Member of the Chamber of Deputies
- In office 15 May 1965 – 15 May 1969
- Constituency: 21st Departmental District

Personal details
- Born: 7 August 1931 (age 94) Loncoche, Chile
- Party: Christian Democratic Party
- Spouse: Humberto Espejo (m. 1966)
- Parent(s): Juan Paluz Gumercinda Rivas
- Alma mater: University of Chile
- Occupation: Politician
- Profession: Dentist

= Margarita Paluz =

Chilean politician (born 1931)

Margarita Paluz Rivas (born Loncoche, 7 August 1931) is a Chilean dentist and politician, member of the Christian Democratic Party (PDC).

She served as a deputy of the Republic for the 21st Departmental District, corresponding to Temuco, Lautaro, Imperial, Pitrufquén and Villarrica, between 1965 and 1969.

== Biography ==
She was born in Loncoche on 7 August 1931, the daughter of Juan Paluz Aburid and Gumercinda Isaura Rivas Manríquez.

On 2 September 1966, she married Humberto Espejo Zúñiga in her hometown.

She studied dentistry and qualified as a dental surgeon.

==Political career==
She joined the Christian Democratic Party (PDC), where she assumed the leadership of the Women’s Department in Loncoche.

In the 1965 Chilean parliamentary election, she was elected deputy for the 21st Departmental District, corresponding to Temuco, Lautaro, Imperial, Pitrufquén and Villarrica, serving between 1965 and 1969. She was a member of the Permanent Commissions on Medical-Social Assistance and Hygiene; Housing and Urban Development; Public Health; Labor and Social Security; Constitution, Legislation and Justice; and Finance.

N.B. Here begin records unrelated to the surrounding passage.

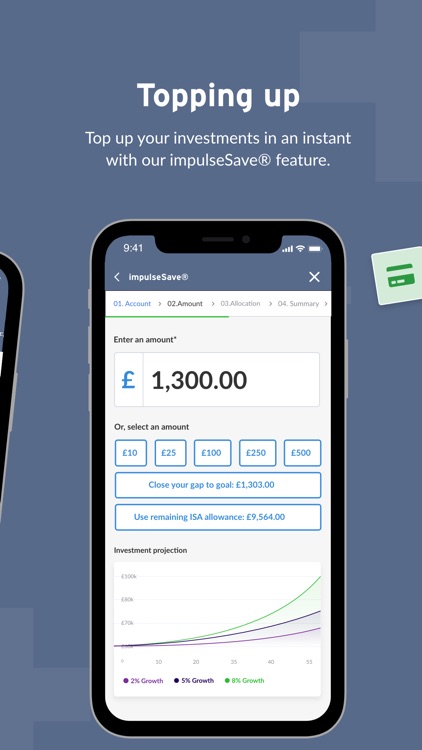 KDW Financial Planning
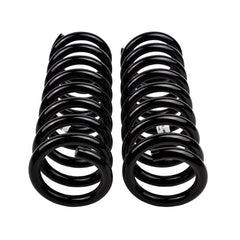Old Man Emu - ARB / OME Coil Spring Front Jeep Wh Cherokeef - Demon Performance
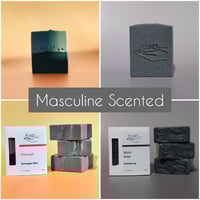 Image 2 of Fragrance Bundles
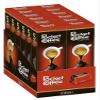 Pocket Coffee , 12er Pack (12 x 5 Stck Packung) view 1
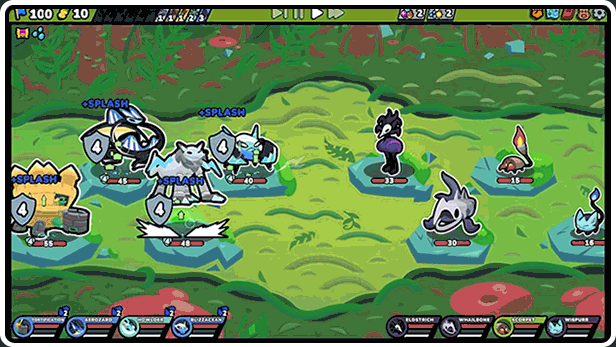 unique_mon_final.gif?t=1706809791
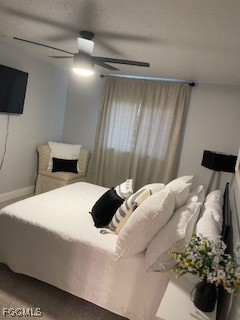 1429 SW 48th Terrace 3-7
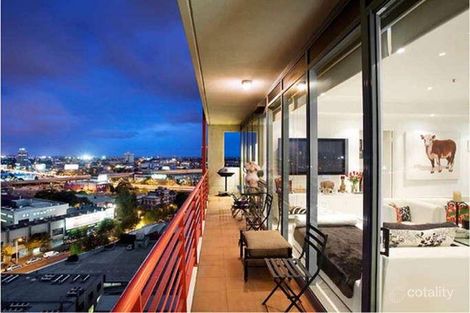 1311/83 Queens Bridge St, Southbank, VIC 3006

She was also part of the Special Commission on Housing (1965–1966).

Among her motions that became law were: Law No. 16.772 of 15 May 1968 on the Labor Code, Article 323, related to payment of weekly rest for certain workers; Law No. 17.093 of 6 February 1969 regarding the San Pedro settlement in San Antonio, regulating transfers to current occupants; and Law No. 17.301 of 22 April 1970, which created the Junta Nacional de Jardines Infantiles (JUNJI).